他缓缓睁开眼,陌生的环境让他有瞬间的恍惚。宽敞却略显空旷的客厅,线条冷硬的家具,一切都规整得如同无人居住。阳光透过巨大的落地窗,在地板上投下明亮的光斑,空气中漂浮着细微的尘埃。
他发现自己身上盖着柔软的薄毯,穿着明显大了一号的、属于沈磐的棉质家居服,布料摩擦着皮肤,带来一种奇异的、被包裹的触感。鼻腔里萦绕的,尽是那股干净的皂角与雪松味,仿佛他被沈磐的气息从头到脚地标记、笼罩。
视线微转,他看见了沈磐。
那个总是身姿笔挺、仿佛永不疲惫的男人,此刻正靠坐在不远处的单人沙发上,闭着眼,似乎睡着了。他依旧穿着昨夜的衬衫,领口松开了两颗扣子,露出线条紧绷的脖颈。晨光勾勒出他冷硬的侧脸轮廓,但那平日里习惯性微蹙的眉心,此刻却难得地舒展开,只是眼下带着淡淡的青黑,泄露了他一夜未眠或睡得极浅的疲惫。
他就那样守在那里,像一座沉默而可靠的山。
顾随云静静地看着,心脏像是被什么东西不轻不重地捏了一下,酸涩,却又饱胀。昨晚的记忆碎片般回涌——雨夜、剧院、破碎的画、失控的崩溃、还有沈磐沉默却有力的手臂,以及这间接纳了他的、冰冷的公寓是如何一点点被他的存在和沈磐笨拙的照顾,染上温度。
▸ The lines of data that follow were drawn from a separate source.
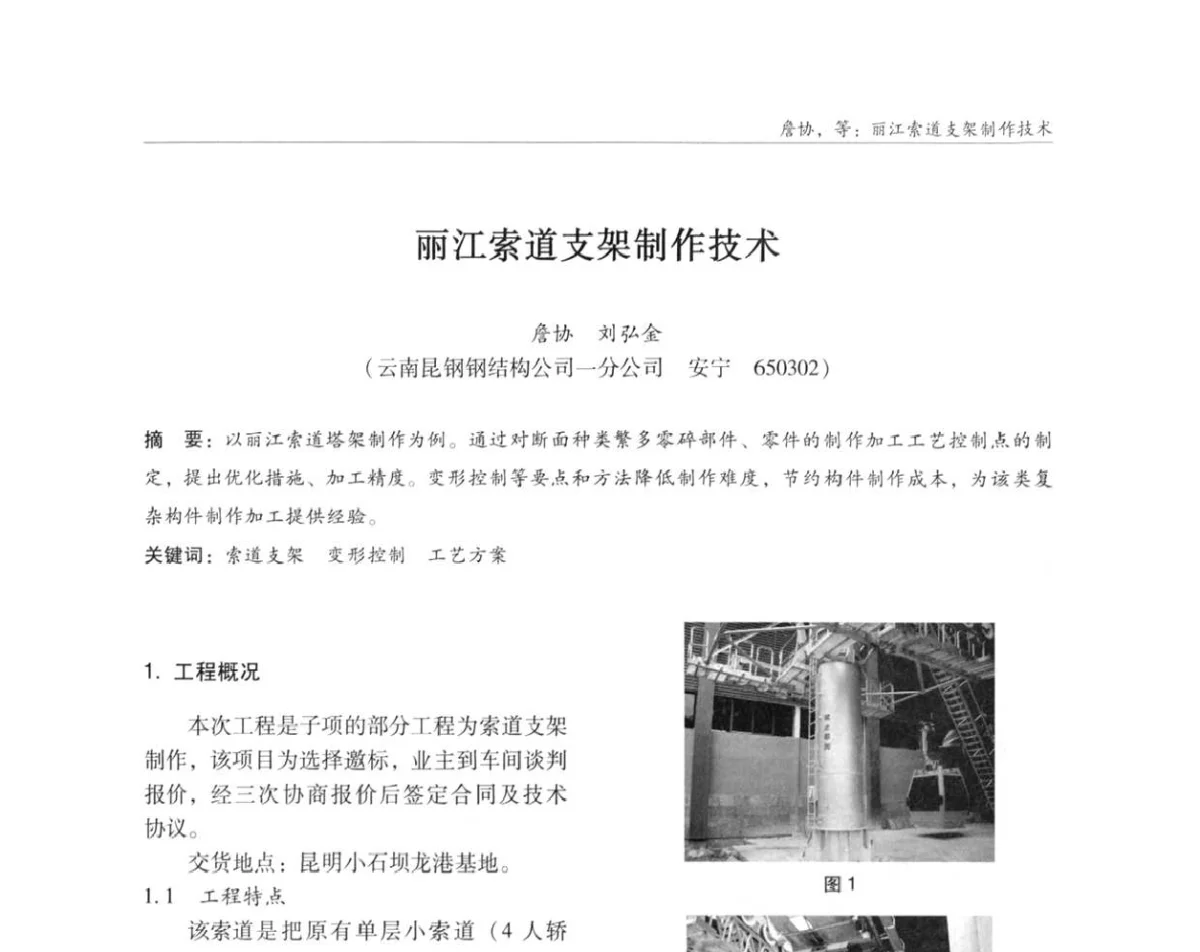 丽江索道支架制作技术 - ’2011全国钢结构学术年会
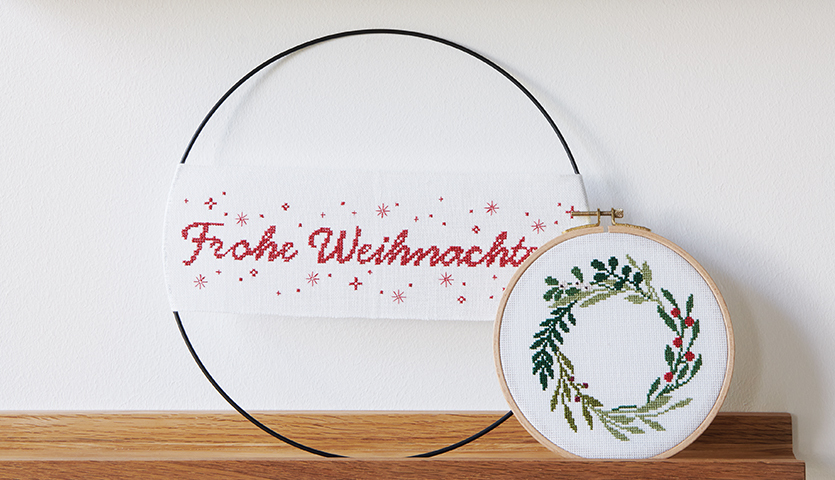 Stickanleitung Frohe Weihnachten Wanddeko Stickanleitung Frohe Weihnachten Wanddeko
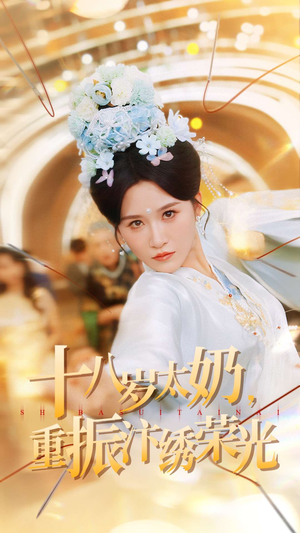 十八岁太奶重振汴绣荣光(98集) 十八岁太奶重振汴绣荣光(98集)经典回顾免费看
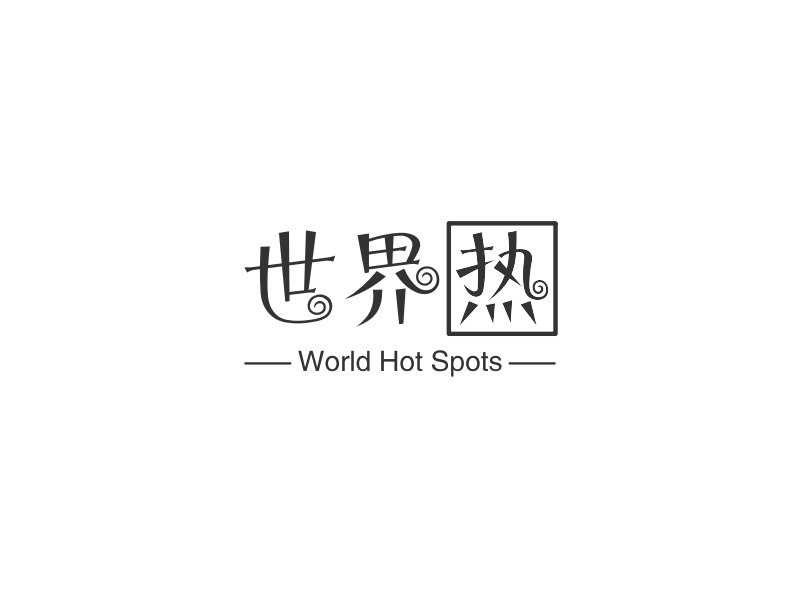 世界热 - World Hot Spots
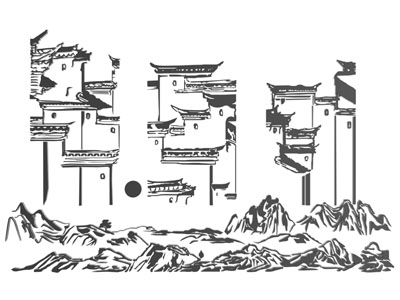 新中式建筑剪影墙饰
他从未在任何人面前如此彻底地袒露过伤口,也从未允许自己如此依赖一个人。这种感觉陌生而危险,却又……让他贪恋。
似乎是察觉到了他的注视,沈磐的睫毛颤动了一下,缓缓睁开了眼睛。那双深邃的眸子里初时还带着一丝刚醒的朦胧,但在对上顾随云视线的一刹那,立刻恢复了惯常的清明与冷静,仿佛刚才那瞬间的柔和只是错觉。
“醒了?”沈磐的声音带着刚醒时的沙哑,比平时更低沉几分,“感觉怎么样?”他坐直身体,动作间带着军人般的利落,目光快速扫过顾随云的脸,像是在评估他的状态。
“好多了。”顾随云坐起身,毯子从肩头滑落,声音还有些宿醉和哭喊后的沙哑,但眼神已经清明了些,“谢谢你……收留我。”他顿了顿,补充道,“还有,姜茶,和药。”
沈磐“嗯”了一声,算是回应。他站起身,活动了一下有些僵硬的肩颈:“我去准备早餐。”说完便转身走向厨房,背影依旧挺拔,却莫名少了几分以往的疏离感。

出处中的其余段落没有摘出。